Another item that came up in the discussions of a possible release is that one of our tests should be the processing of an entire DVD-length movie to catch any problems (like memory leaks) that only manifest over a long runtime. Obviously, that’s not especially appropriate for a normal FATE test spec.
And another type of test that I envisioned when I was originally brainstorming the system (for a year and a half) is a way to continuously fuzz-test FFmpeg. But, like the previous 2 items, it does not need to be performed on every code commit.
I realized that all of these tasks (and probably more– be creative) can be run on a less frequent basis — say, once per day — and on one machine (like the fastest machine on my farm). It can be set up as an adjunct project to FATE.
Now I need a good FFmpeg command line for converting a ripped DVD image to another format that will maximally stress the program, in a multithreaded manner, no less.
For the doxygen stuff, here’s a script I made for the same purpose.

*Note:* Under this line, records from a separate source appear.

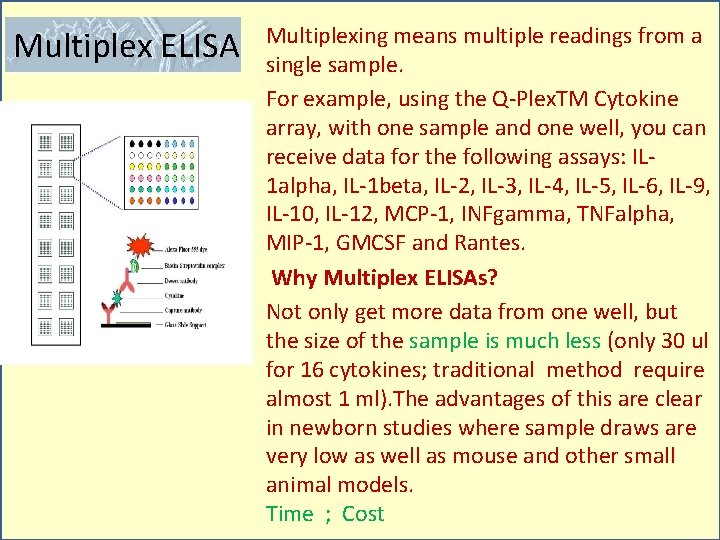 Multiplex ELISA Multiplexing means multiple readings from a single sample. For example, using the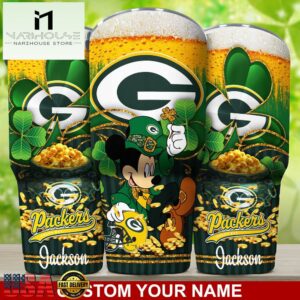 Custom Name Green Bay Packers NFL Irish Mickey Patrick Day Tumbler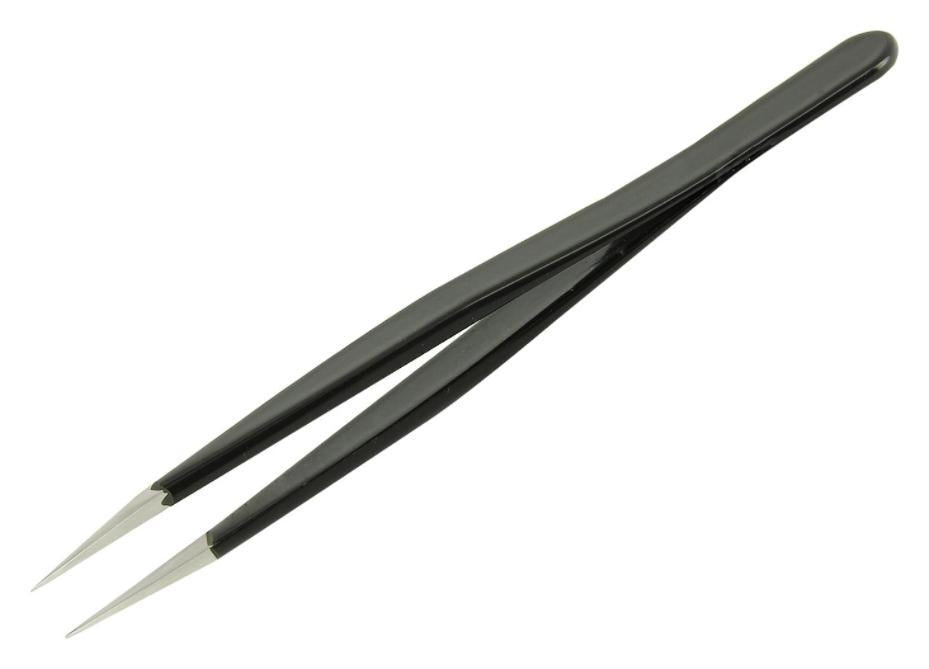 120mm Precision Tweezers - ESD SS Straight Flat Tips - DT000005
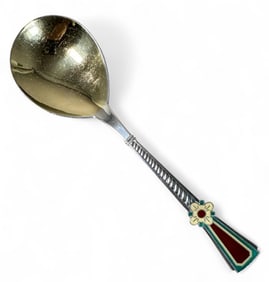Russian Silver and Enamel Spoon
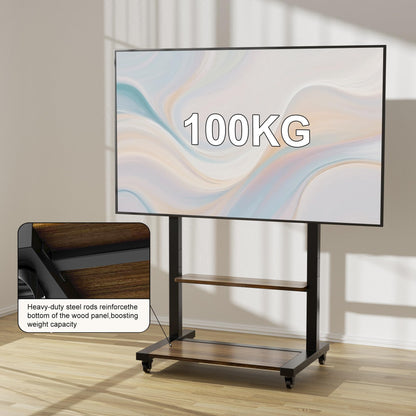 unho Mobile TV Stand Rolling Trolley with Wheels for 40-86 Inch TVs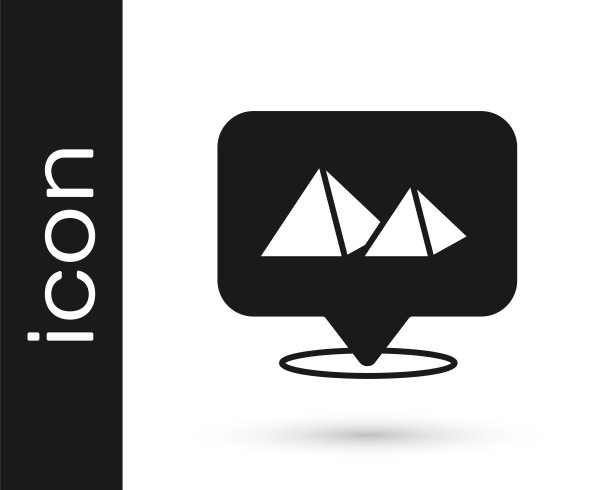 黑色埃及金字塔图标孤立在白色背景。古埃及的象征。向量图片下载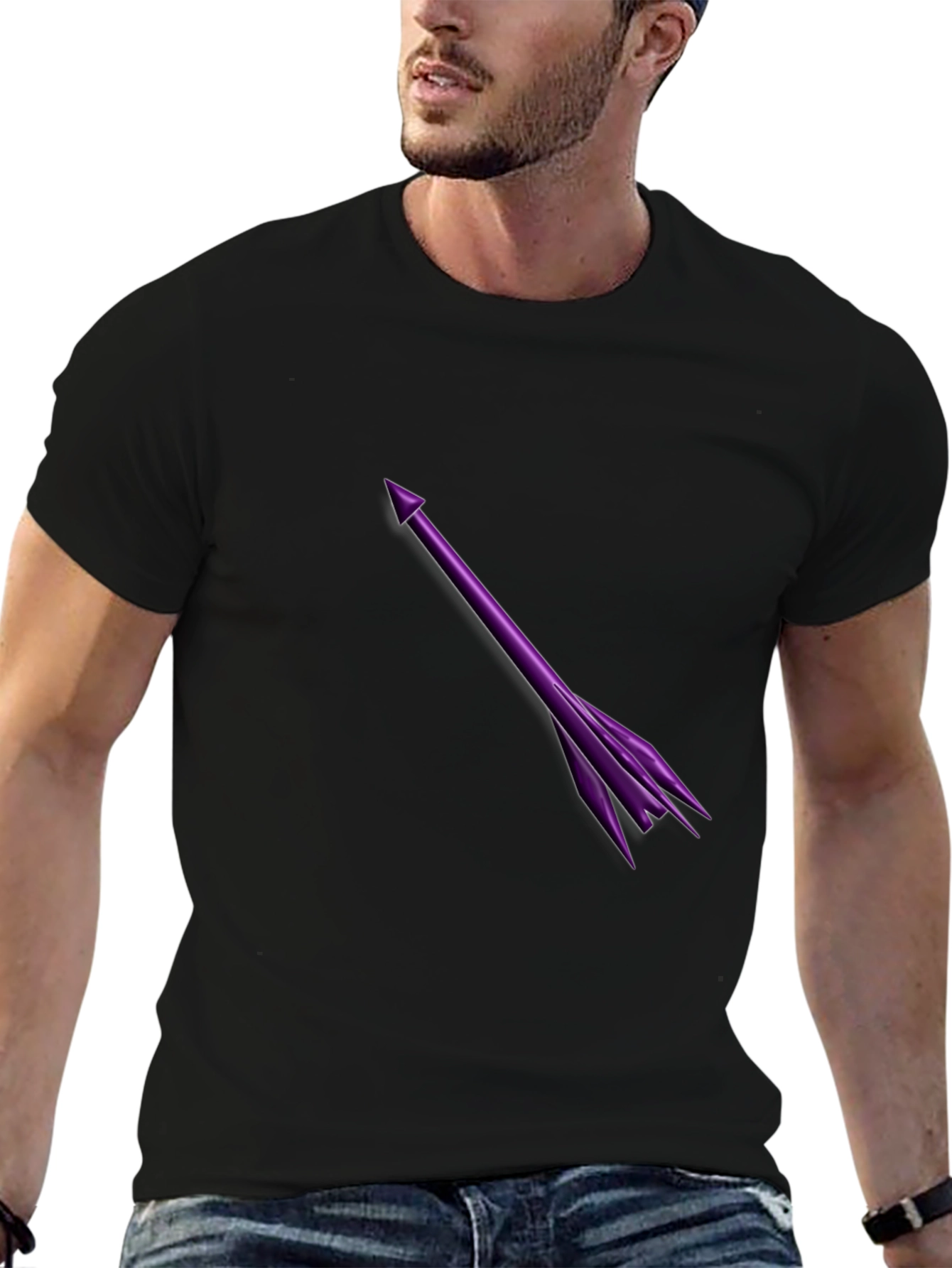 Purple Arrow Graphic T-Shirt - Stylish Casual Wear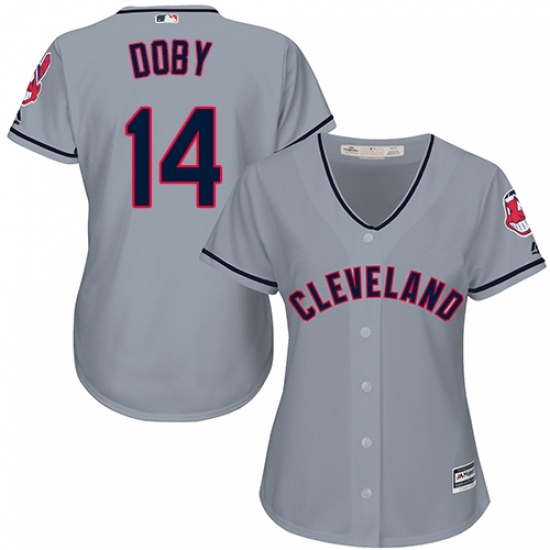 Women's Majestic Cleveland Indians #14 Larry Doby Replica Grey Road Cool Base MLB Jersey Women's Majestic Cleveland Indians #14 Larry Doby Replica Grey Road Cool Base MLB Jersey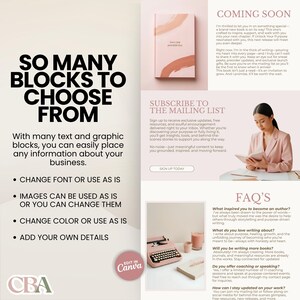 Modern author website template with blush aesthetic, ideal for writer portfolios.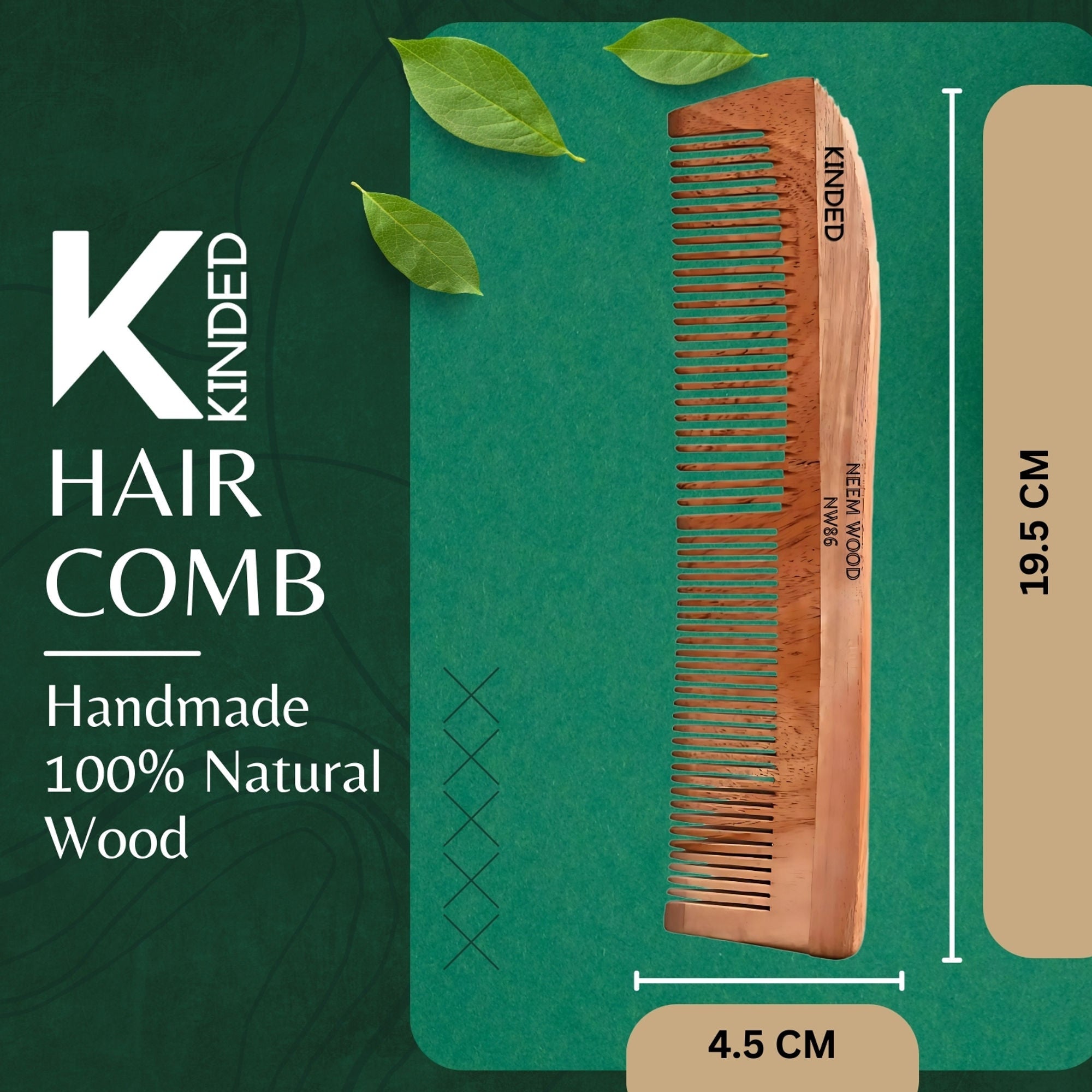 KINDED Handmade Oil Treated Wooden Hair Comb - Neem Wood NW86, Dual Tooth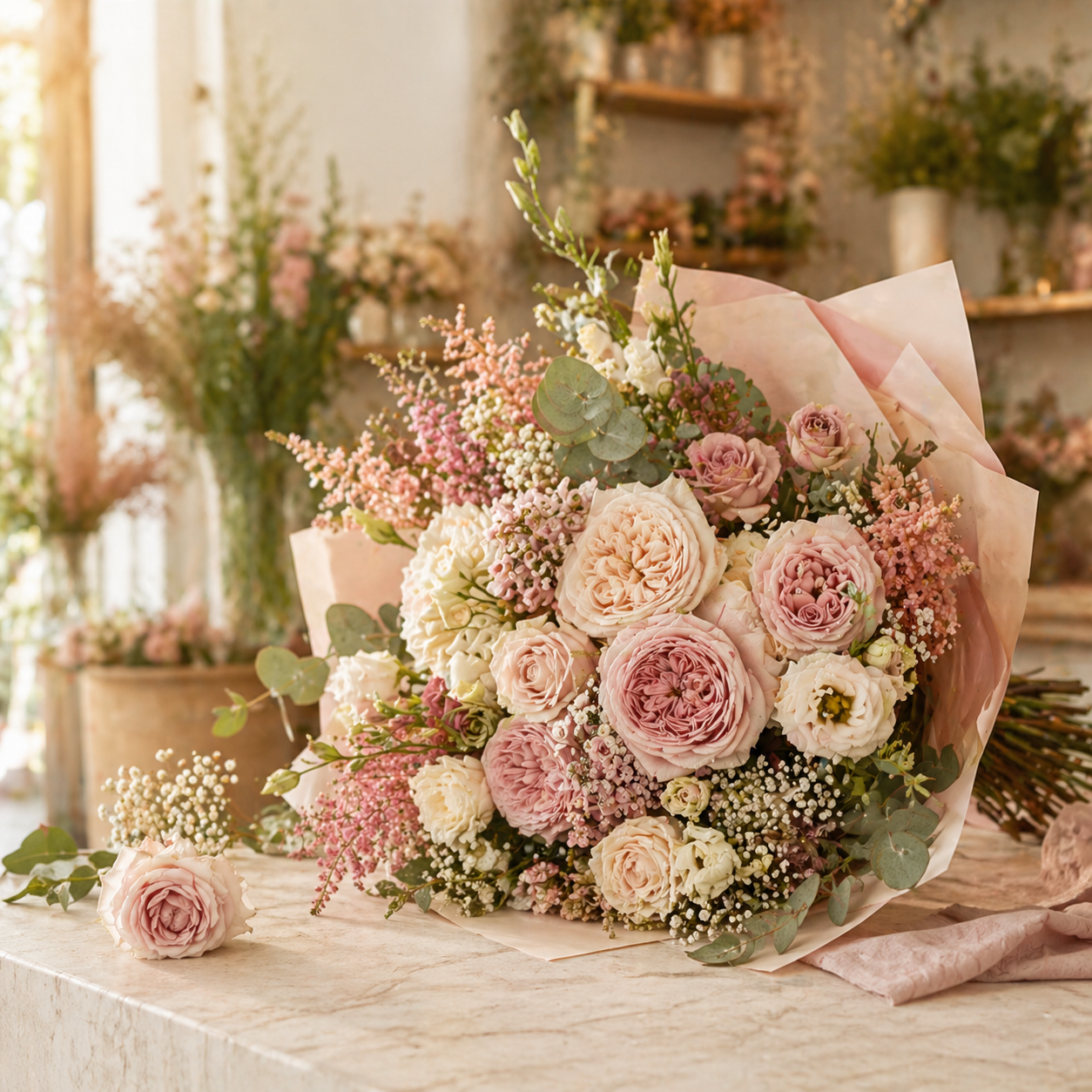 Ramo de flores preparado en mesa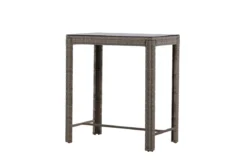 Garten Bartisch Bärbel - Hochtisch aus Rattan mit Glasplatte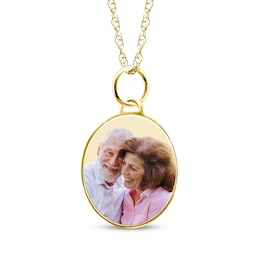 Small Oval Photo Charm Necklace 10K Yellow Gold 18&quot;
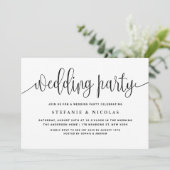 Hübsche Kalligrafie-Hochzeitsparty Einladung (Stehend Vorderseite)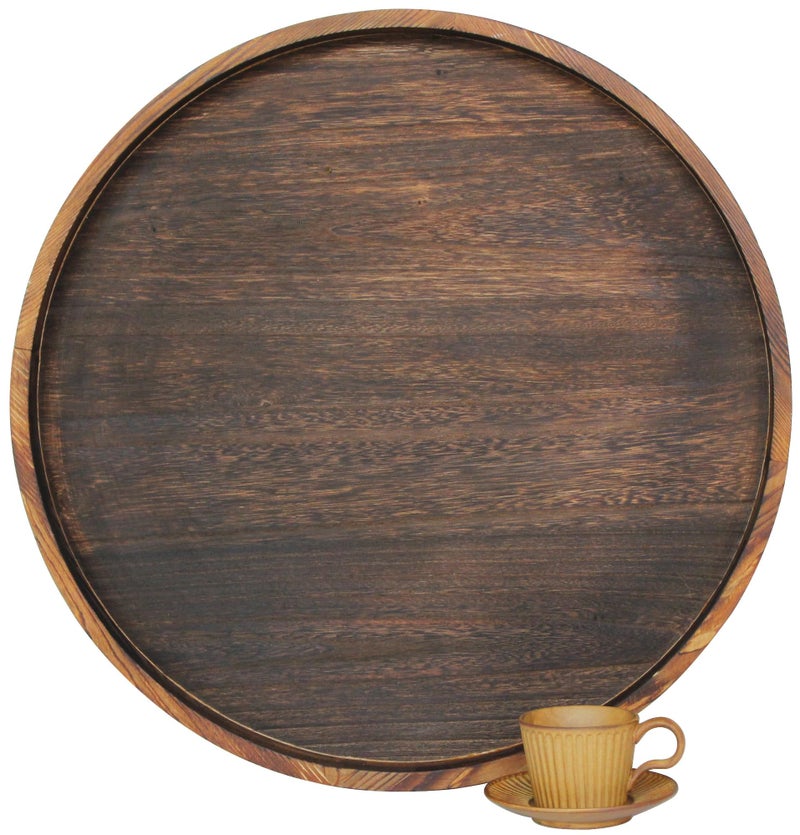Gurfuy Extra Large Round Ottoman Table Tray Round24  Rustic Wooden Serving Tray for Farmhouse Decorative Oversized Coffee Table Trays Living Room Kitchen Counter Breakfast Brown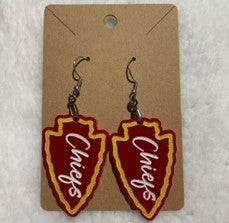 ***PREORDER*** Large Red Arrowhead Chiefs Acrylic Earrings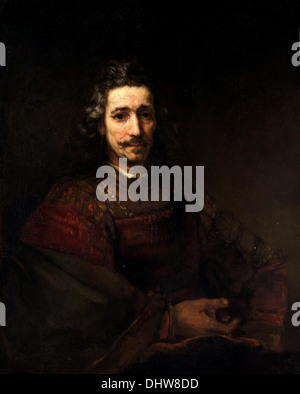 Mann mit einer Lupe - von Rembrandt van Rijn, 1660s Stockfoto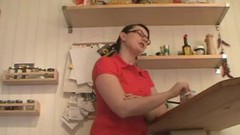 anal fisting video: Amateur wife anal fisted in the kitchen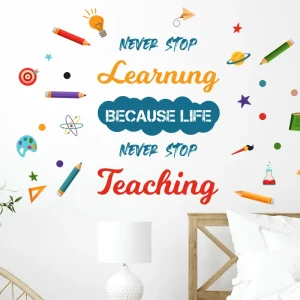 Kids Room Learning Inspirational Quote Vinyl Mural Wall 3D Sticker Wallpaper Door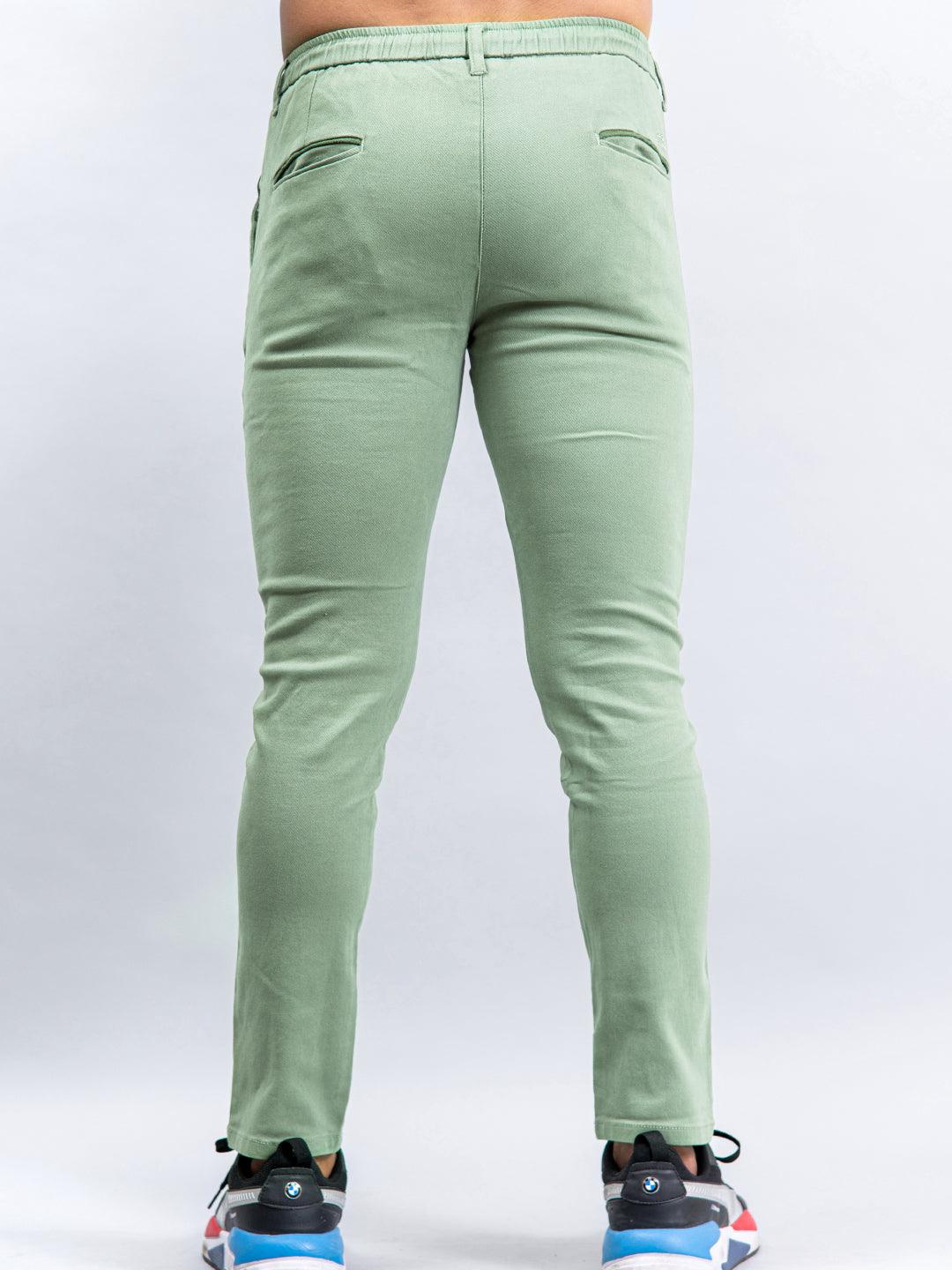 Buy Men Solid Regular Fit Green Jogger Pants Online - 716775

Schedule this with cron to autogenerate doxygen docs on a website from svn dox.
add to your crontab file:
MAILTO=”mailinglist@address”
now stderr output (doxygen warnings) will go to the mail address
and then crontab line:
*/20 * * * * /home/ml/scripts/backup/gen_doxygen_docs.sh https://svn-repo.url/xxx/ xxx_docs /var/www/docs/xxx
—- gen_doxygen_docs.sh —-
#!/bin/sh
REPO=$1
DOX_FILE=Doxyfile
TMP_DIR0=/tmp/backup_tmpXXX
TMP_DIR=$TMP_DIR0/$2
WEB_DIR=$3
mkdir $TMP_DIR0 2> /dev/null
mkdir $TMP_DIR 2> /dev/null
cd $TMP_DIR
rm -rf *
svn –force –ignore-externals export $REPO $TMP_DIR > /dev/null
doxygen $DOX_FILE > /dev/null 2>&1
rm -rf $WEB_DIR/*
mv -f $TMP_DIR/doxygen/html/* $WEB_DIR
# cleanup
rm -rf $TMP_DIR
And here’s an example of a program that is banging the leaving daylights out of libav and running valgrind on every ffmpeg checkin:
http://build.xuggle.com/job/xuggle_java_xuggler_jdk5_i386_ubuntu_memcheck/
See the artifacts for the raw log files. It tests specifically:
decoding nellymoser, mp3 and aac audio
encoding mp3 and pcm audio
decoding on6, h263 and h264 video
encoding h263 video
It doesn’t test encoding nellymoser audio because it turns out the nellymoser encoder in ffmpeg access uninitialized memory (which Valgrind finds). I really need to file a bug on FFMPEG for that.
@Martin: Nice, but I will would be more interested in logging the results to a database rather than filling up a mailbox.
@Art: Continuous valgrind’ing is another great idea, but I wasn’t sure if the process was automatable.